Crawler processes out of scope page after redirect

spekulatius opened this issue 4 years ago · comments

something I've noticed working on my crawler project for Rankletter.com (and tested on) is:

301 redirects aren't picked up, unless passing the follow redirect flag (RequestOptions::ALLOW_REDIRECTS) to the crawler (expected)
with activated flag, the crawler also processes the external page independently if is scope or not.

In my case I redirect /contact to rankletter.com/contact to my blog peterthaleikis.com/blog (as a temporary solution more or less), these the crawler picks up relative links as if they were on the domain I'm crawling (here rankletter.com).

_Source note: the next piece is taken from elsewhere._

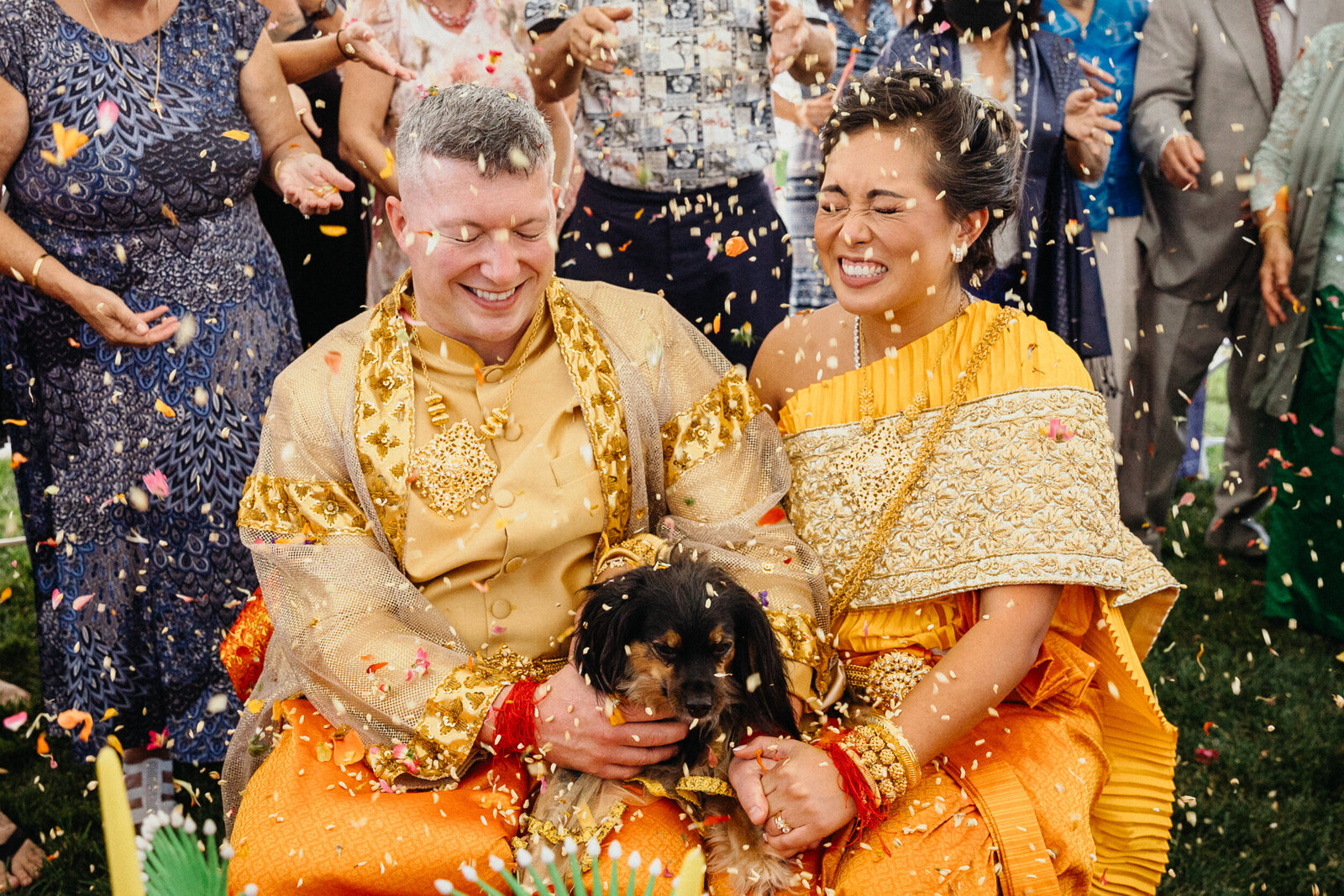 cambodian wedding photographer philadelphia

On looking over the code briefly, it looks like the CrawlRequestFulfilled classes needs to be extended for a check on this.

Just thought I let you know and check in if this is known (and maybe the reason for switching the redirects off in the first place?)

Cheers,
Peter

Freek Van der Herten · Answer 1 · Wed Dec 09 2020 05:59:13 GMT+0800 (China Standard Time)

To be honest, its been a while since I coded that part up, and I don't know anymore if it's intended or not 😬

Peter Thaleikis · Answer 2 · Wed Dec 09 2020 06:22:06 GMT+0800 (China Standard Time)

That's fair enough. totally get the "Ehm, yeah, maybe, maybe not. I can't remember"-feeling 😄